→ **Goal of the exercise**
The line containing "2022年天利38套中考试题精选数学广东专版 第1页", plus every line that follows it to the end of the listing below, is what you transcribe exactly; omit all pictures.

→ **Information**
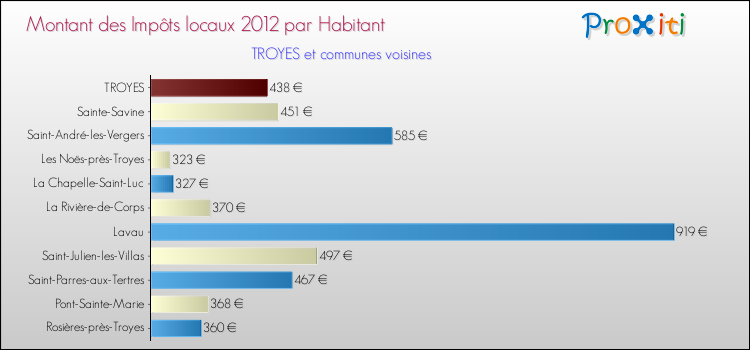 Montant des impôts locaux par Habitant pour TROYES et les communes proches Comparaison des impôts locaux par habitant pour TROYES et les communes voisines
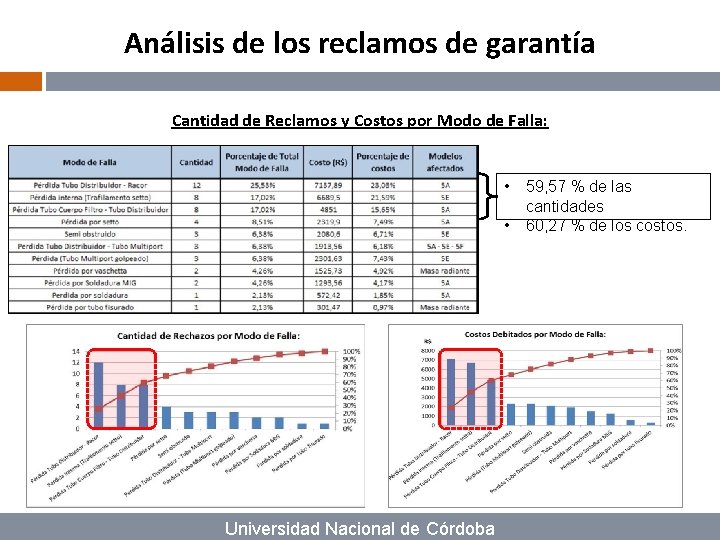 Análisis de los reclamos de garantía Cantidad de Reclamos y Costos por Modo de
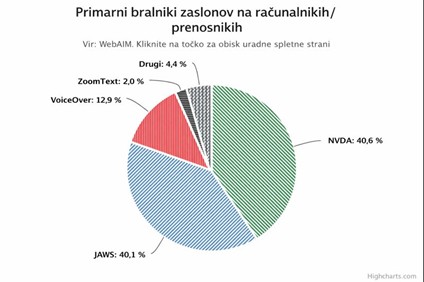 Krožni graf uporablja poleg barv tudi šrafure, zato so posamezni deli grafa lažje razlikovani.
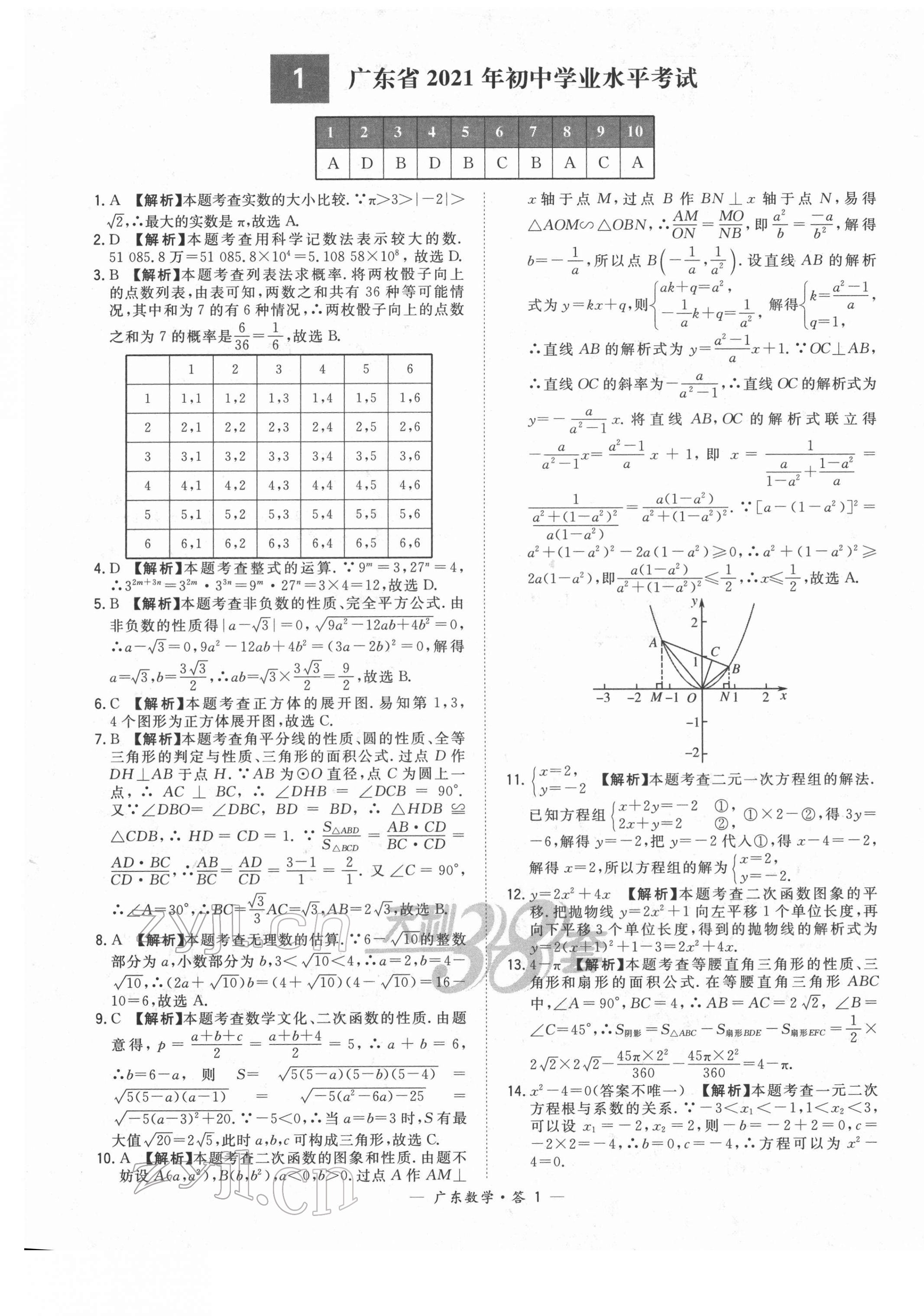 2022年天利38套中考试题精选数学广东专版 第1页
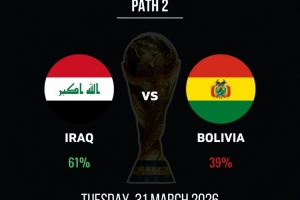 世预赛洲际附加赛：伊拉克晋级概率61%，玻利维亚39%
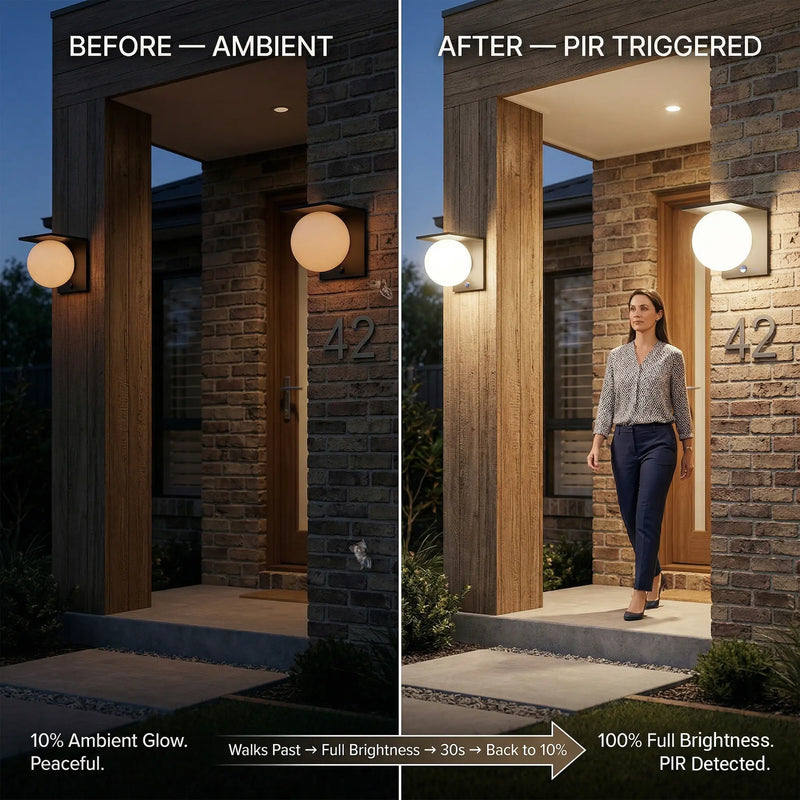 Side-by-side comparison of Lumora Solar light before and after PIR motion trigger: left panel shows 10% ambient glow at front door, right panel shows woman walking out triggering 100% full brightness, with caption explaining 30-second timer cycle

→ **Solved problem**
 2022年天利38套中考试题精选数学广东专版 第1页
 世预赛洲际附加赛：伊拉克晋级概率61%，玻利维亚39%
 Side-by-side comparison of Lumora Solar light before and after PIR motion trigger: left panel shows 10% ambient glow at front door, right panel shows woman walking out triggering 100% full brightness, with caption explaining 30-second timer cycle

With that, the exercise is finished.